Foreign Property News | Posted by Hnin Ei Khin
The Queens Hospital Centre emergency department has a capacity of 60, but on its worst night of the coronavirus pandemic, more than 180 patients lay on stretchers in the observation bays and hallways. Alarms rang incessantly as exhausted doctors rushed from crisis to crisis.
Less than 4 miles (6.3km) away, a temporary hospital opened the next morning, on April 10. The facility, which was built at the USTA Billie Jean King National Tennis Centre to relieve the city’s overwhelmed hospitals, had hundreds of beds and scores of medical professionals trained to treat virus patients.
But in the entire month that the site remained open, it treated just three patients from the Queens Hospital Centre emergency department, records show. Overall, the field hospital cost more than US$52 million (S$72 million) and served only 79 patients.
The pandemic has presented unique challenges for officials grappling with a fast-moving and largely unpredictable foe. But the story of the Billie Jean King facility illustrates the missteps made at every level of government in the race to create more hospital capacity in New York.
It is a cautionary tale for other states now facing surges in cases and for New Yorkers bracing for a possible second wave.

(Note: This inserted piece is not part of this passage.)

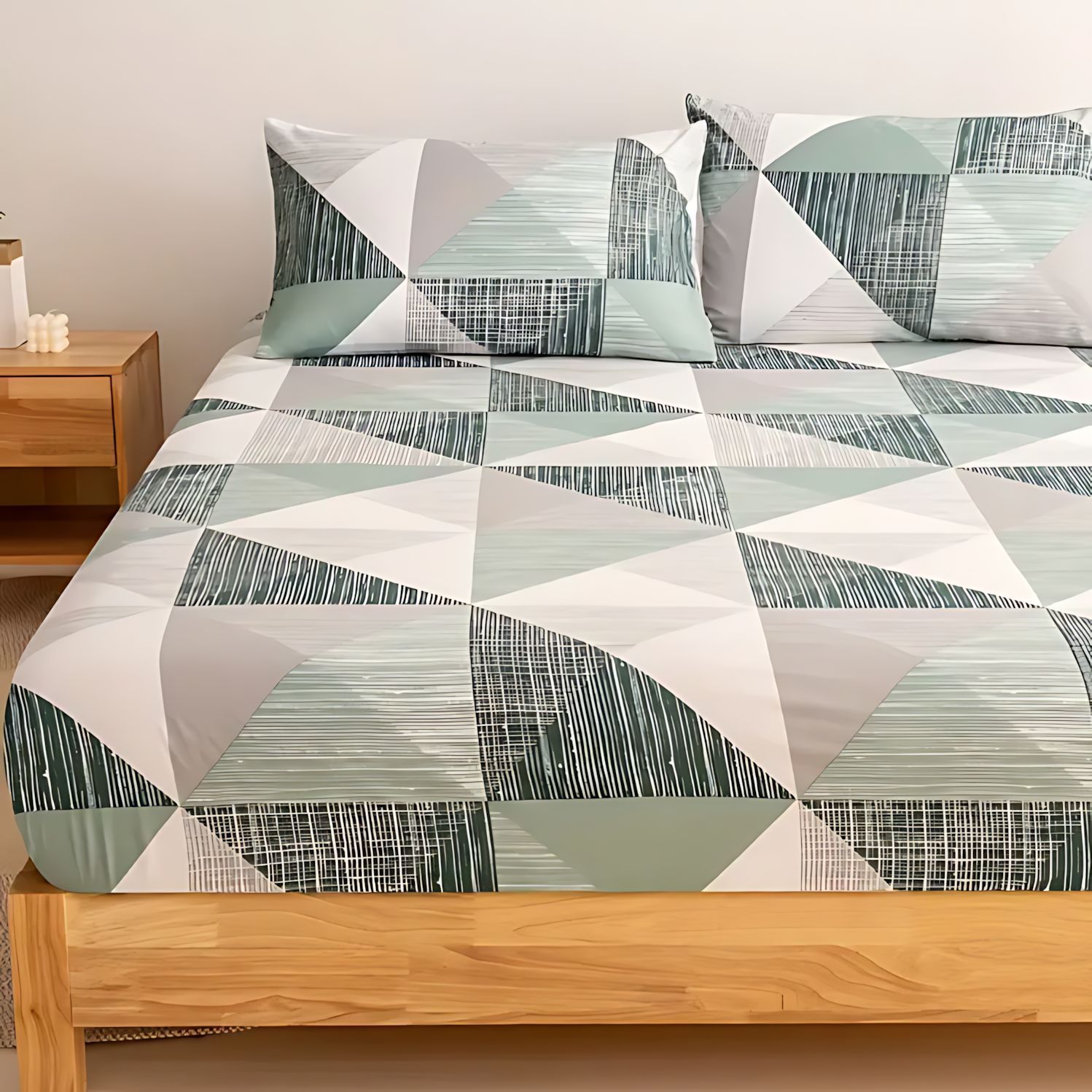 TEMU / JIT triángulo geométrico impresión digital 3D suave cama cómoda camisa colchón set de ropa de cama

Doctors at the Queens Hospital Centre, a public hospital in Jamaica, and at other medical centres wanted to transfer patients to Billie Jean King. But they were blocked by bureaucracy, turf battles and communication failures, according to internal documents and interviews with workers.
New York paid as much as US$732 an hour for some doctors at Billie Jean King, but the city made them spend hours on paperwork. They were supposed to treat coronavirus patients, but they did not accept people with fevers, a hallmark symptom of the virus.
Officials said the site would serve critically ill patients, but workers said it opened with only one or two ventilators.
“I basically got paid US$2,000 a day to sit on my phone and look at Facebook,” said Ms Katie Capano, a nurse practitioner from Baltimore who worked at Billie Jean King. “We all felt guilty. I felt really ashamed, to be honest.”
As the coronavirus spread in March, the federal government, state leaders, city officials and hospital executives all began creating their own temporary medical facilities, at times competing against each other. Governor Andrew Cuomo’s office oversaw most transfers to the centres, but city officials say the state did not closely coordinate with other players.
The federal government’s biggest contribution, Navy hospital ship USNS Comfort, arrived in New York with great fanfare but initially did not accept coronavirus patients at all, prompting one hospital executive to call it “a joke”.